El texto (boletín 15258) se originó en una moción parlamentaria ingresada en 2022. La iniciativa aprobada en mayo pasado en su idea de legislar, fue objeto de indicaciones, que se revisaron en la última sesión de la instancia.
Tras un exhaustivo análisis, la comisión aprobó que el control de identidad se realice hasta 10 kilómetros de la frontera, o entre el mar territorial y las aguas interiores.

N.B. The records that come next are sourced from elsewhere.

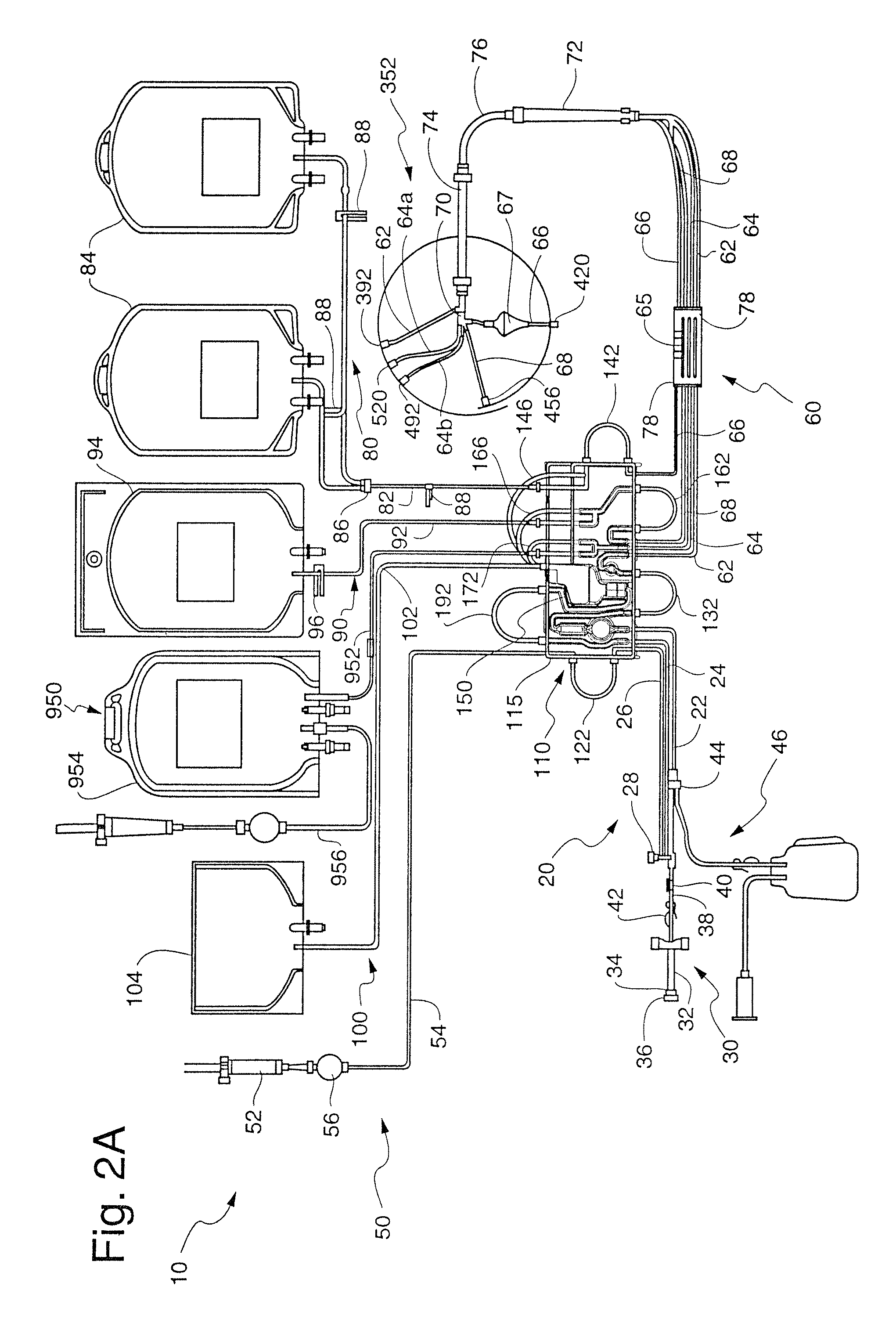 Extra-corporeal blood processing method and apparatus based on donor characteristics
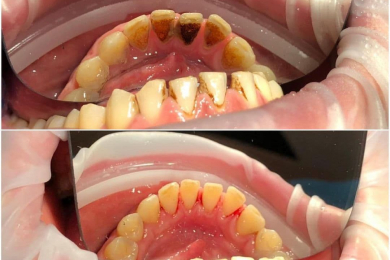Лечение зубов в клинике «Ваша стоматология» - 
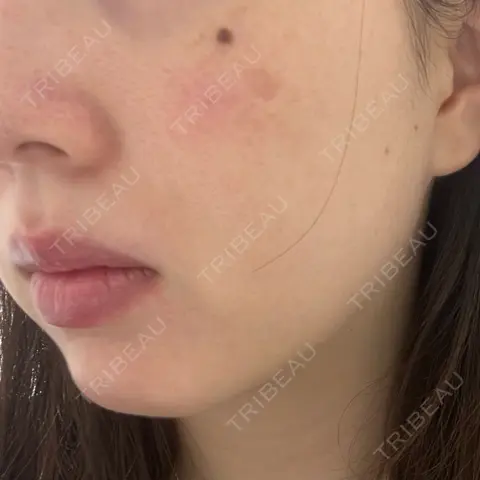 ルメッカ GLAMRULE CLINIC (グラムルール クリニック) 銀座院 AFTER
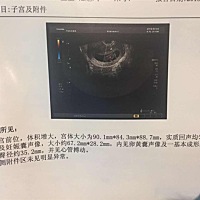 你们子宫形状啥样的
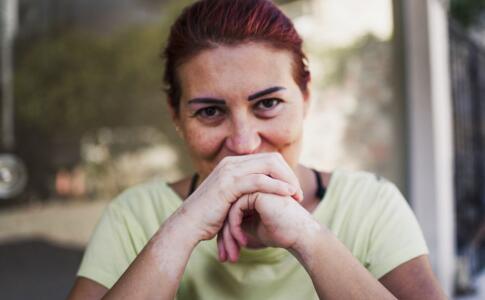 皺紋說明你的身體健康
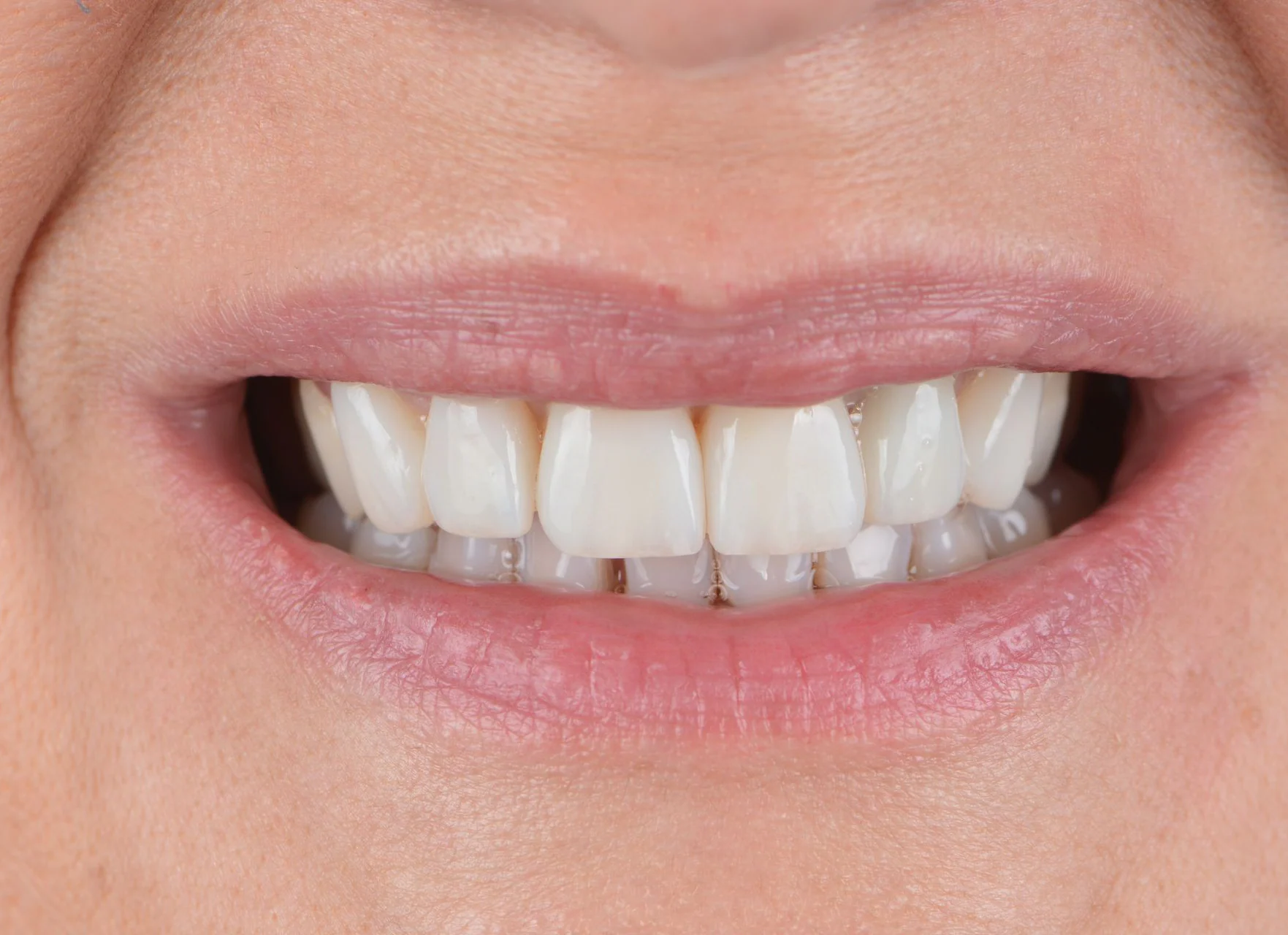 Resultado de un tratamiento de estética dental realizado en Clínica Santamaría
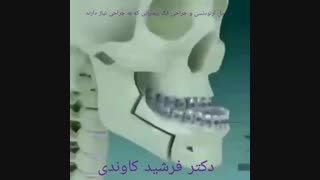 مراحل ارتودنسی و جراحی فک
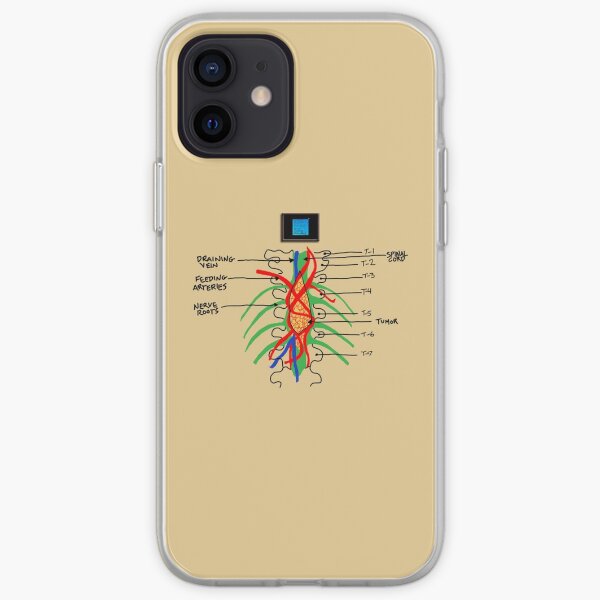 This is Forever iPhone Soft Case
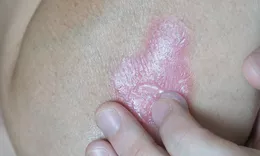 Close-up of a pink, scaly psoriasis plaque on a person's torso being touched by fingers.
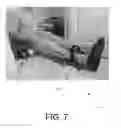 Fig. 08 - Hoverboard buddy system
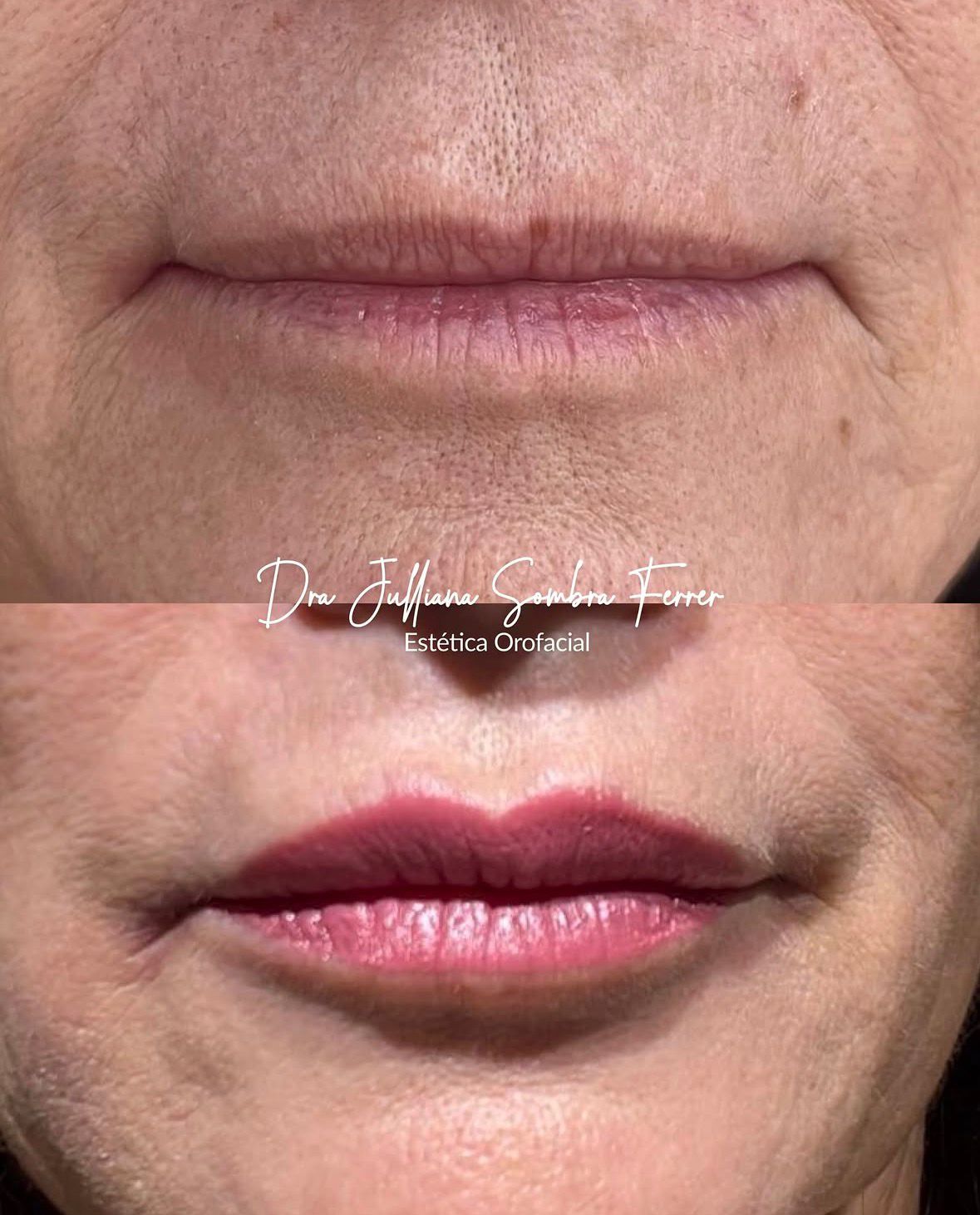 Preenchimento Labial — Antes e Depois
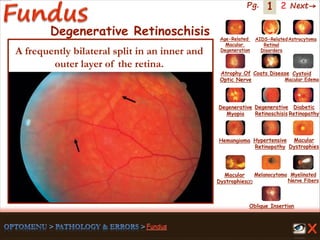 1 Next→Pg. 2
Degenerative Retinoschisis
A frequently bilateral split in an inner and
outer layer of the retina.
Age-Related
Macular
Degeneration
AIDS-Related
Retinal
Disorders
Astrocytoma
Atrophy Of
Optic Nerve
Coats Disease Cystoid
Macular Edema
Degenerative
Myopia
Degenerative
Retinoschisis
Diabetic
Retinopathy
Hemangioma Hypertensive
Retinopathy
Macular
Dystrophies(2)
Macular
Dystrophies
Melanocytoma Myelinated
Nerve Fibers
Oblique Insertion
 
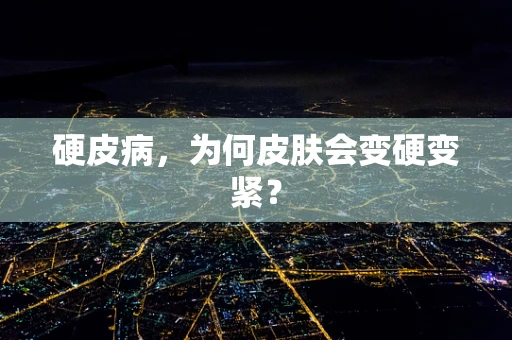 硬皮病，为何皮肤会变硬变紧？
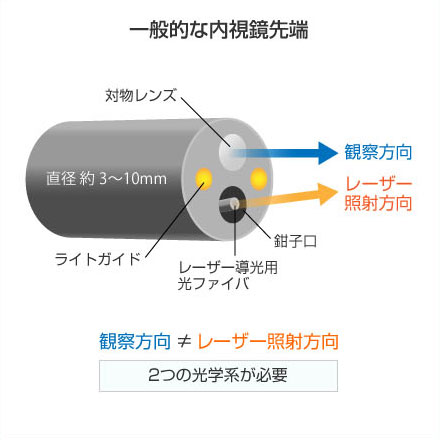 一般的な内視鏡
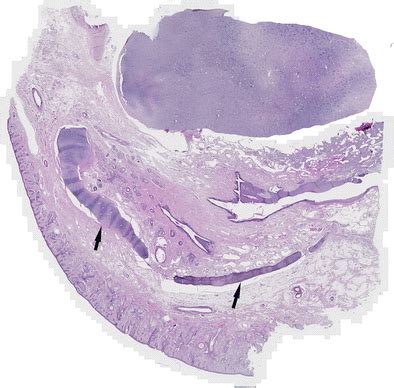 Sagittal histology section of the columella, Hematoxylin and Eosin (HE ...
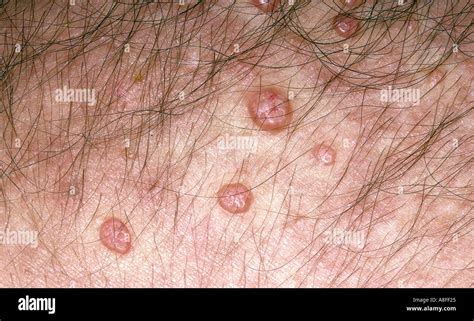 Molluscum Contagiosum Hi Res Stock Photography And Images Alamy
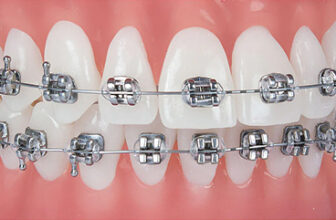 Thay dầu hộp số CRV: Nhận biết sớm 7 dấu hiệu và cách chọn đúng loại dầu cho từng đời xe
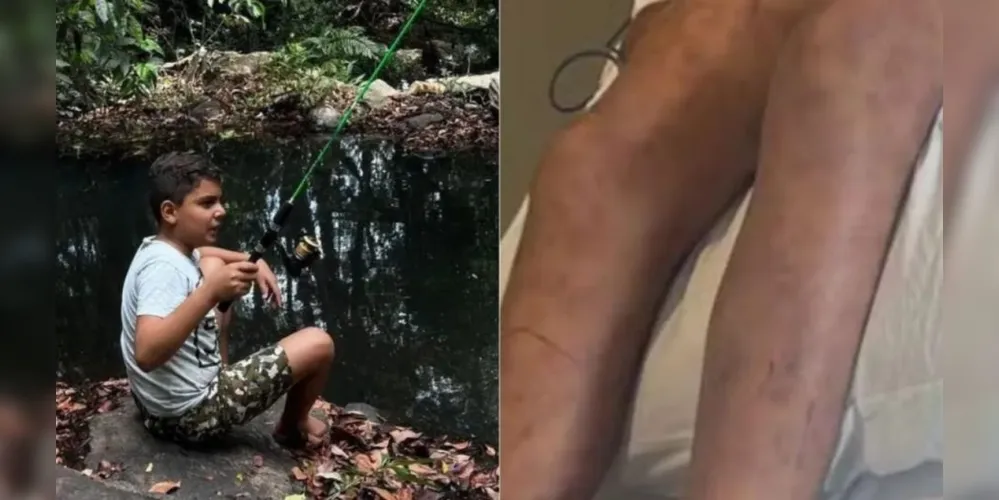 João Pedro estava internado desde o dia 13 de novembro, quando foi atacado por enxame de abelhas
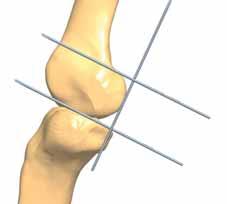 joint and parallel to the tibial plateau.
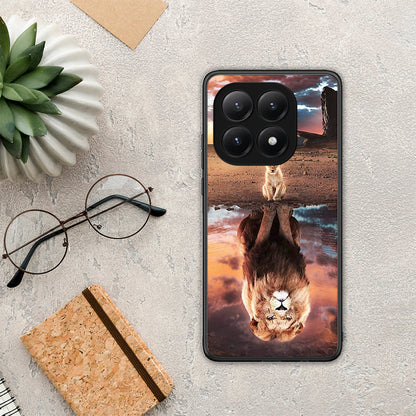 Sunset Dreams - Xiaomi 15T θήκη
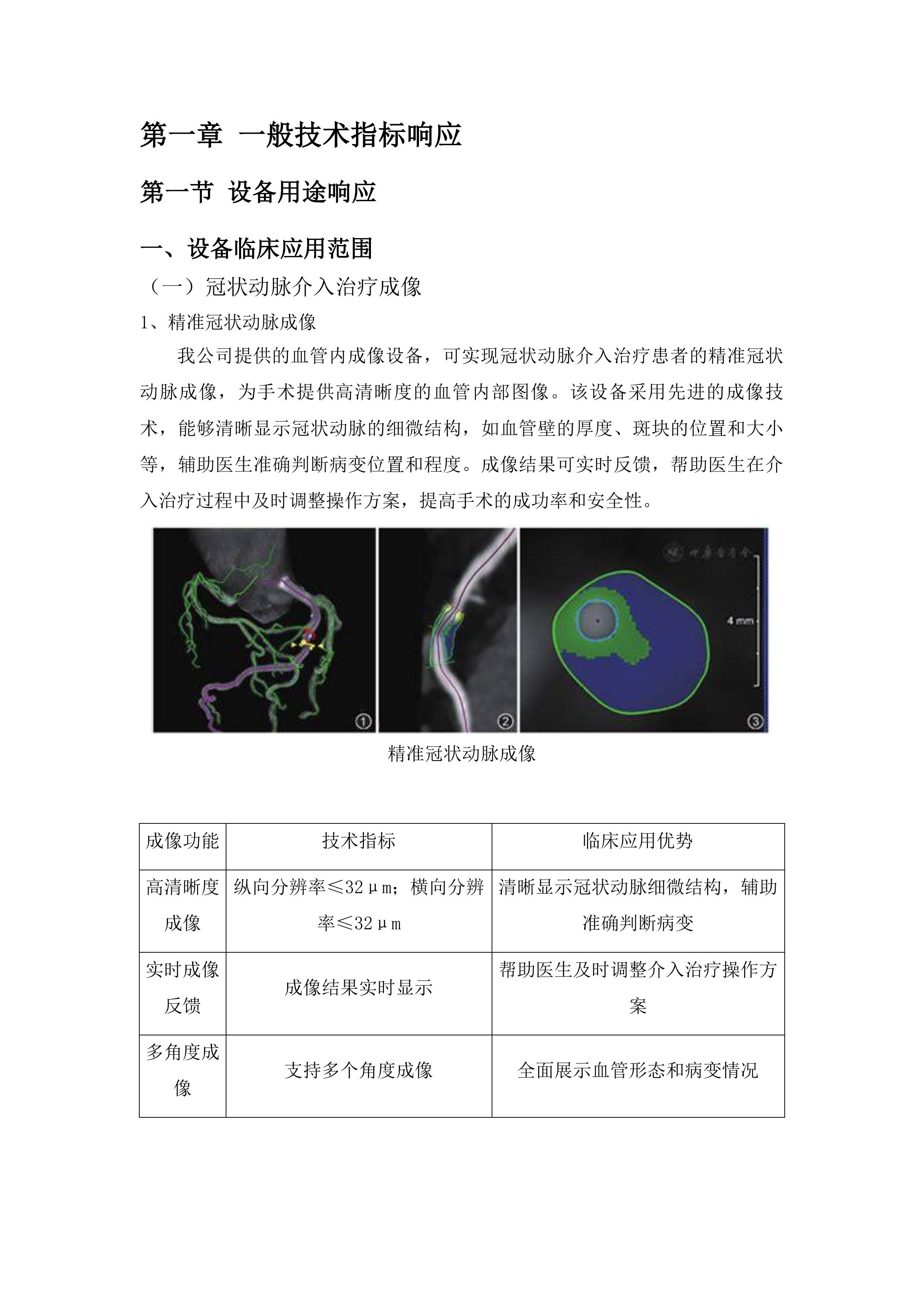 广西壮族自治区人民医院血管内成像设备采购项目投标方案.docx 第8页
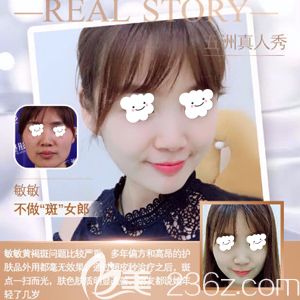 五洲萊美黃媛媛主任做超皮秒祛斑真人案例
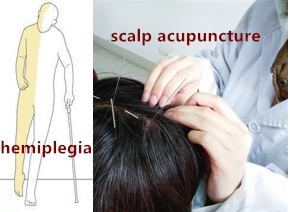 ctnsd_editor's tweet photo. #CTNSD [Study Protocol] Scalp acupuncture twisting manipulation for treatment of hemiplegia after acute ischemic stroke in patients: study protocol for a randomized, parallel, controlled, single-blind trial
#stroke #hemiplegia #scalpacupuncture

https://t.co/l8qcfy6zeB https://t.co/3TuwDB0J7A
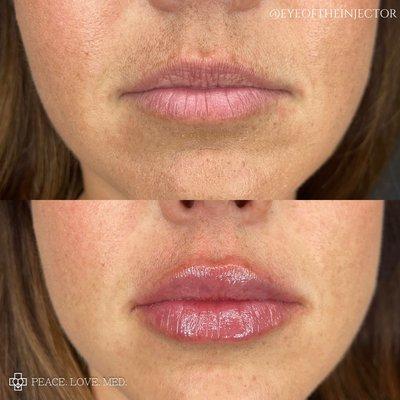 Lip Filler Injections!  Work by Erika at Peace Love Med Spa in Boca Raton, FL!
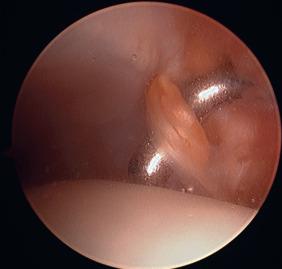 Fig. 115.2, An anterolateral soft tissue impingement lesion.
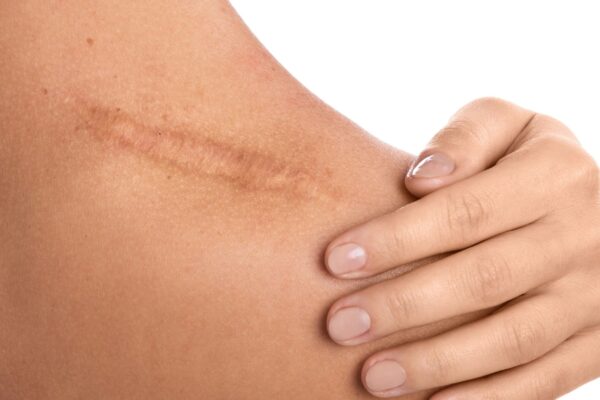 Proteína SerpinB3 acelera o fechamento de feridas na pele. (Foto: Getty Images via Canva)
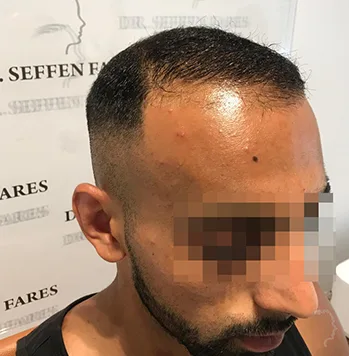 Patient 27, avant greffe de cheveux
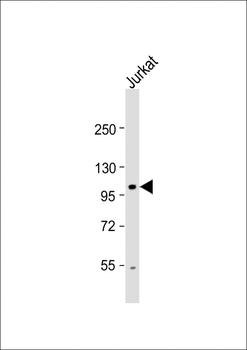 UNC5C Antibody (N-term)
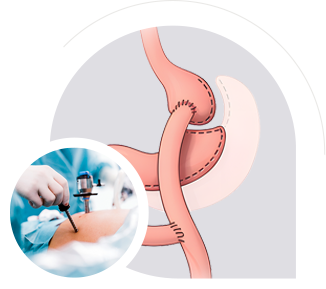 Revisional Surgery img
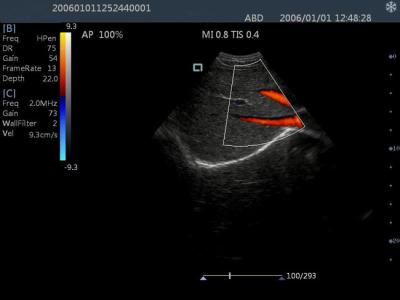 China Portable Ultrasound Scanner Color Doppler Machine With 15 Inch LCD Monitor for sale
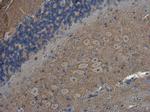 SH3GL1 Antibody in Immunohistochemistry (Paraffin) (IHC (P))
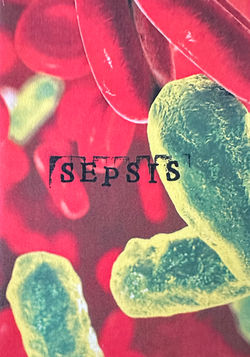 Sepsis
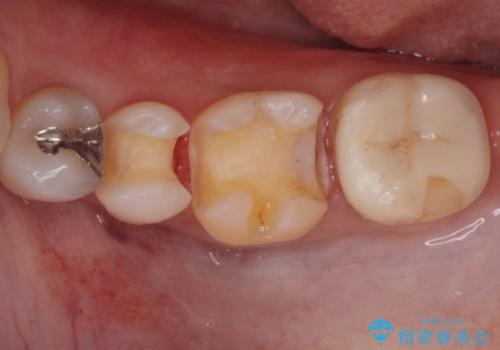 詰め物のやりかえ希望の治療中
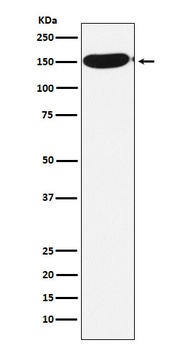 CPS1 Rabbit Monoclonal Antibody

Allí, la autoridad policial estará autorizada a registrar vestimentas, equipaje o vehículo de la persona cuya identidad se controla, pudiendo detenerla sin necesidad de orden judicial, si la sorprende en flagrancia o se determina que posee orden de detención pendiente.
El proyecto quedó en condiciones votarse en la Sala de la Cámara.
Delitos contra la propiedad intelectual
La comisión aprobó, además, la idea de legislar de un proyecto (boletín 17912) que modifica la Ley 19.913, para incorporar los delitos contra la propiedad industrial, al catálogo de precedentes de lavado de activos.
El proyecto ataca la falsificación y contrabando de productos, como método de financiamiento para el crimen organizado. Lo anterior, considerando que estas conductas vulneran derecho de propiedad, la buena fe del consumidor y la integridad del mercado.
En la oportunidad, el Ejecutivo, en la figura de quien hasta ayer ocupaba el cargo de subsecretario de seguridad pública, Andrés Jouannet, valoró la idea matriz de la iniciativa, considerándola como un avance en la persecución del delito.
Sin embargo, observó que podría haber una eventual colisión con otras normas establecidas en el Código Penal y con la posible vulneración del principio de proporcionalidad, temas que sugirió revisar por la vía de indicaciones.